Hoping that your if __name__ == "__main__": app.run(debug=True) is uncommented (unlike mine), running the terminal again fires up our dash app.

One must conquer small hills before they challenge Everest. Likewise, if our intro part of the dash app is well completed we can now go on to deal with the more complex parts.

The Graphs

A mountain can have several hills. The first hill we shall climb will be to create an interactive global map that is responsive to the year slider (you will see it later) and the country clicked on the map. When the slider is moved, say, from 2013 to 2015, the map, which is ideally a choropleth map, should reflect the changes. When we click on a country, say Kenya, it should update some other graphs we’ll come to later.

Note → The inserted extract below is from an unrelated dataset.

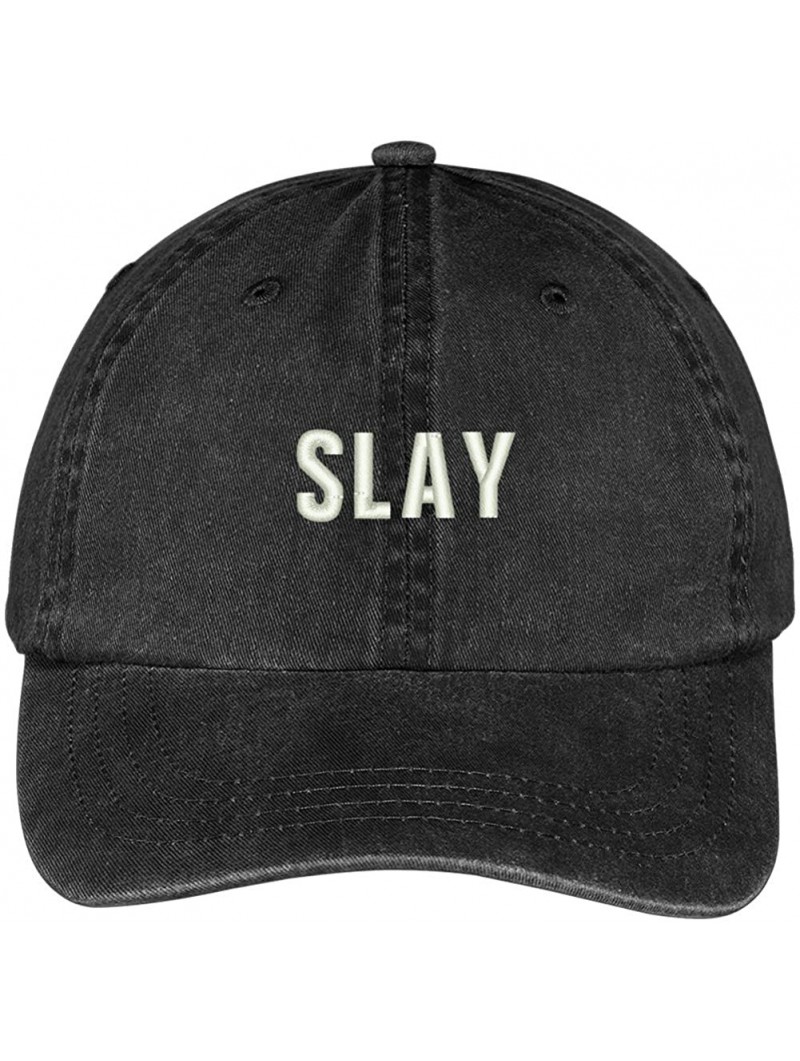 Baseball Caps Slay Embroidered Cotton Adjustable Washed Cap - Black - CW12N3DGUCX $24.13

Remember when we said that the dcc.Graph component stands for figures? Well, not just graphs but maps as well. It will be passed an ID, which applies to all dash components so as to identify them in callbacks. If one will employ callbacks somewhere in their Dash application, it is necessary for their Dash components to have an ID attribute.

Enough said.

Let’s add it.

-- snip--
#1 the map layout
    dcc.Graph(id="map-year"),

The Dash component of creating a slider is dcc.Slider.

--snip--
#1 the map layout
    dcc.Graph(id="map-year"),
    
    #2 The slider
    dcc.Slider(
        df["Year"].min(),
        df["Year"].max(),
        step=None,
        id="year-slider",
        value=df["Year"].max(),
        marks={str(year): str(year) for year in df["Year"].unique()}
    ),
--snip--

If you are curious, you can run your dash app again. You should see an empty graphic and a slider populated with all the years across our cleaned dataset df; from the earliest (1990) to the latest (2019) in our df dataset.

In plotly, just like other visualization packages, one can plot two figures on the same row. We can place two figures side by side by putting them inside the same html.Div element. Think of html.Div as creating a division to put content into, as explained earlier. In our case, we want to display the heatmap and the scatterplot within the same division but later on I shall show how one can place figures side by side. Note that I didn't try for this particular heatmap and scatterplot because both appeared too squeezed to be legible when they were plotted on the same line. Nevertheless, your attention so far shall not go unrewarded. We shall draw two charts on the same line later on.

Notice I have added a new component — html.Br() to introduce a linebreak. It's just another one of several Dash components.

--snip--
#3 The heatmap and scatterplot on the same column
    html.Div([
        dcc.Graph(id="heat-map-country-year"),
        dcc.Graph(id="scatterplot-death-gdp-year")
    ]),

    html.Br(),
    --snip--

If you refresh the browser, you will notice two empty figures added.

We had mentioned earlier that we want our map to update some graphs when a country is clicked. The code that shall be introduced involves a markdown that is generated upon a user clicking certain fields, in our case, the countries. In web programming parlance, these are known as ‘click’ events. How to create it has largely been borrowed from here.

--snip--
##### This is to help in debugging capturing the clicked country on the choropleth map
    html.Div([
        dcc.Markdown("""
                **Click Data**

        Click on points in the graph.
                """),
        html.Pre(id='click-data', style=styles['pre']),
        ], className='three columns'),
    #########
--snip--

In fact, the style object we had created earlier on right at the very beginning was for this specific code chunk. It was to style how our markdown shall appear. Through the help of html.Pre, the markdown generates preformatted text from our HTML.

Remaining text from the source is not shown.